RECORD SET
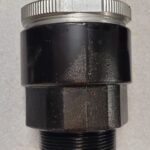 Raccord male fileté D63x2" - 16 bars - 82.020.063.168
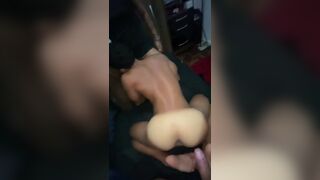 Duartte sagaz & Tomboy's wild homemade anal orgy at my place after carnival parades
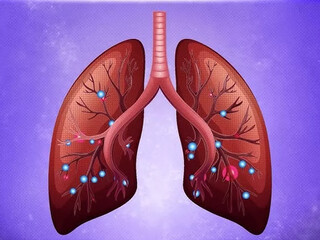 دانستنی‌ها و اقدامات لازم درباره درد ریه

* * *

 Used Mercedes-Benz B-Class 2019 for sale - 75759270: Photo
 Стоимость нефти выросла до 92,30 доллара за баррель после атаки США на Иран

WHAT YOU SHOULD DO
Because only one stretch of the records is wanted, please output the lines from the one holding "Raccord male fileté" through the one holding "دانستنی‌ها و اقدامات لازم درباره درد ریه" exactly, both included, and leave every picture out.

EXERCISE RESPONSE
 Raccord male fileté D63x2" - 16 bars - 82.020.063.168
 Duartte sagaz & Tomboy's wild homemade anal orgy at my place after carnival parades
 دانستنی‌ها و اقدامات لازم درباره درد ریه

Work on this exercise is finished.